In a democracy, those who judge the popularity of a political cause by the quantum of crowds at rallies need to think again. Those throngs and multitudes that troop out to chant the anthem of a cause or greet the moment’s man of power often have little or nothing to do with definitive partisanship or real support. The crowds are often massed in the service of something new. Democracy’s periodic elections have a way of being a constant source of seasonal messiahs. Politicians are the most creative species when it comes to creating new embodiments of promise, hope, and utopia. Rented crowds show up in the most unexpected places and in quantities that no one imagined previously. 

Rented crowds are as old as party politics everywhere. They are the most common expression of democracy as the currency and facilitator of the modern market society. Here, everything is a commodity and every interaction is transactional: “if you pay, we will troop out for you! If you pay, we shall mobilize votes for you!” Enter the crowd contractor as a specialist in the game of democracy. The crowd contractor can rent you a rally crowd, and rent you emergency bishops complete with a variety of cassocks. Just name it!

At other times, the crowds of power are massed in the pursuit of a creed, a catechism, or a phantom ideal like the sudden emergence of a messianic leader. Processions of protesting crowds may emerge when a popular disquiet graduates into a movement in pursuit of an ideal.
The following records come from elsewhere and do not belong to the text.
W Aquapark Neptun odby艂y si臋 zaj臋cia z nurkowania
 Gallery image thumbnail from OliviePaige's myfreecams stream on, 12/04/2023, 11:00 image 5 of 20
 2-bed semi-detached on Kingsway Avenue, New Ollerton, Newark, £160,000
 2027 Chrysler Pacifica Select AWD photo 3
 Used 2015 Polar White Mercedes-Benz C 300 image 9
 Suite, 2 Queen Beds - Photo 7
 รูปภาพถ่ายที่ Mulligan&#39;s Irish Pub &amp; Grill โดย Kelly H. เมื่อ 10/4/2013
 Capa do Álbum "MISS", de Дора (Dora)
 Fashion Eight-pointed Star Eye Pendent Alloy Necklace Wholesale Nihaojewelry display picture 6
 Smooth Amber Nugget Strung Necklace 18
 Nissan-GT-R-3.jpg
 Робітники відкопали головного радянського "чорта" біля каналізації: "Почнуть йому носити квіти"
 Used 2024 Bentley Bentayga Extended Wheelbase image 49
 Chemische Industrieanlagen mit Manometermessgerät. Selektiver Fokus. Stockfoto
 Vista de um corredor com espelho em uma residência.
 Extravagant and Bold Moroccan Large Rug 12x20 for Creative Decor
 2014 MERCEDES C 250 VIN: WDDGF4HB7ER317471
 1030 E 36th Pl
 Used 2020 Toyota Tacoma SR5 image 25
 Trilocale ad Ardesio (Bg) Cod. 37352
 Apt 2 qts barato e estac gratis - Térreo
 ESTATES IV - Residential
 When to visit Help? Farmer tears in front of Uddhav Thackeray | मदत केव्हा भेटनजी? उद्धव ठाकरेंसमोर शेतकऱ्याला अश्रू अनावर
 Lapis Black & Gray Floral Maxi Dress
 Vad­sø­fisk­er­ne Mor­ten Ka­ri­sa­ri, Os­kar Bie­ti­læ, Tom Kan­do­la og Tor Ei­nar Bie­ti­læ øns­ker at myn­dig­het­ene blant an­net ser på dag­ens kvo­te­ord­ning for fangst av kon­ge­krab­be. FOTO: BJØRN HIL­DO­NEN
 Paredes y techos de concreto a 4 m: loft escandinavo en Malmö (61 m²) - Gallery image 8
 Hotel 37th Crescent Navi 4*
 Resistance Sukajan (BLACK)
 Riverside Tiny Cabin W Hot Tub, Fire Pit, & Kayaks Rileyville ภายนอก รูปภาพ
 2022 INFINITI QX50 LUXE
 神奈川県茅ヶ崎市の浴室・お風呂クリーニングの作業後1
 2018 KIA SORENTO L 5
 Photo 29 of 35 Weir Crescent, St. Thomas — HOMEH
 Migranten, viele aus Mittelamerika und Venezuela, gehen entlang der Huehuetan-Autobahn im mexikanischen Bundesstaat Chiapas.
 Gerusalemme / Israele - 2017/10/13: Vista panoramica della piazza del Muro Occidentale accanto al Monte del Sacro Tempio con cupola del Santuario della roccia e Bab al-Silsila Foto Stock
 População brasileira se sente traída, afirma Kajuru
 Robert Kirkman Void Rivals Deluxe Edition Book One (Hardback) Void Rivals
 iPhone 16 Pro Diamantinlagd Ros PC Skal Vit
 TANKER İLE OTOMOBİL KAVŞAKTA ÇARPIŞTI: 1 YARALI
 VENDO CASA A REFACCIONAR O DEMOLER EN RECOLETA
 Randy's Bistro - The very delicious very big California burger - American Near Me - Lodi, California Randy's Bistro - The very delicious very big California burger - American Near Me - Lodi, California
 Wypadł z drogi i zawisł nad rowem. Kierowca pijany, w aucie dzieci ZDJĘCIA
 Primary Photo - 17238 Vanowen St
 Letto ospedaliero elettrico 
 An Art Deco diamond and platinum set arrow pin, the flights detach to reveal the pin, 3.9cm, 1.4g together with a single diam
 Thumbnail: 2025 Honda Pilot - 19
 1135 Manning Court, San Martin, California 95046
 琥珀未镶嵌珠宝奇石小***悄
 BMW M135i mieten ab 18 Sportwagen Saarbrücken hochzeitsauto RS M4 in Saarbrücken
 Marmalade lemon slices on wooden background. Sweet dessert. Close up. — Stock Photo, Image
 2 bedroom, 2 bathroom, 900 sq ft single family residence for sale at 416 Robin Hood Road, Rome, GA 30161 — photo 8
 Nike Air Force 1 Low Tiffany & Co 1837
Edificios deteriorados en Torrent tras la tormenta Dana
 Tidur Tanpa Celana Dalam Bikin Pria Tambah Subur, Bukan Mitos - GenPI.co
The crowds that swept the Arab world during the Arab Spring were a spontaneous eruption of pent-up opposition to perpetual tyrants in power all over the Arab world. Throngs and crowds can also mass up in pursuit of a ‘gold rush’ when political oligarchs dish out bales of cash to rent crowds in support of their political enterprise. In the course of my career, I’ve seen different metamorphoses of crowds in support of diverse causes.

In Tripoli from June to August 2011, combined air strikes of Western powers were pounding the fortress of the Gaddafi regime in Libya. The initial demonstrations featured huge impenetrable crowds of Gaddafi supporters. They were united in denouncing the imperialist forces of the West for seeking the overthrow of the populist leader. At the town centres and popular squares, the crowds were an unmistakable daily feature. With a bit of training, this reporter could track the leaders of the protests who showed up daily to rally the crowds and sustain the protests. As time progressed and the air strikes progressively took out the strategic heights of the Gaddafi power stronghold, the supporting crowds began to thin out as it became more dangerous and also clear that the strongman had only a matter of days to either flee, surrender, or get killed.

Gradually, a counter crowd began to mass in parts of the suburbs of Tripoli and different urban centres like Benghazi. The counter throngs built up as the strong air power of the West incinerated what remained of Mr. Gaddafi’s hold on power. The chants changed from “Down with America!” to “Away with Gaddafi!” The same faces, the same crowds, the same leaders! I was able to identify about half a dozen regular faces, having studied the film footage of the weeks-long protests. The same faces, the same individuals had led the protests and crowds that denounced the West initially and were now calling for Gaddafi’s head. They must be either professional crowd managers or deliberate malefactors. The day the strongman was killed like a common criminal on the streets as he tried to flee in a convoy, the same faces led the throng of a final citizen’s parade to whom a bloodied and humiliated Gaddafi was pleading for mercy and forgiveness! So much for the solidarity of the crowds!

As the frenzied countdown to Nigeria’s 2023 elections enter the streets in campaign mode, we are being treated to a contest of crowds by the top contenders for the presidential slot. On October 1st, Mr. Peter Obi’s OBI-dients stormed the political fortress of Lagos in a novel fashion. Anticipation that they will mass up at the Lekki Toll Gate had misled the police into supporting a court injunction outlawing political campaigns at the location. But the OBI-dients are not your usual political rally crowd. They may not even be Labour Party members or supporters. I reckon that over 98% of Mr. Obi’s crowd of supporters hardly know anything about the Labour Party or care about its logo or manifesto. And outside Mr. Obi who has become something of a pop star mascot of a popular movement, most OBI-dients do not know and cannot recognize any other face in the Labour Party.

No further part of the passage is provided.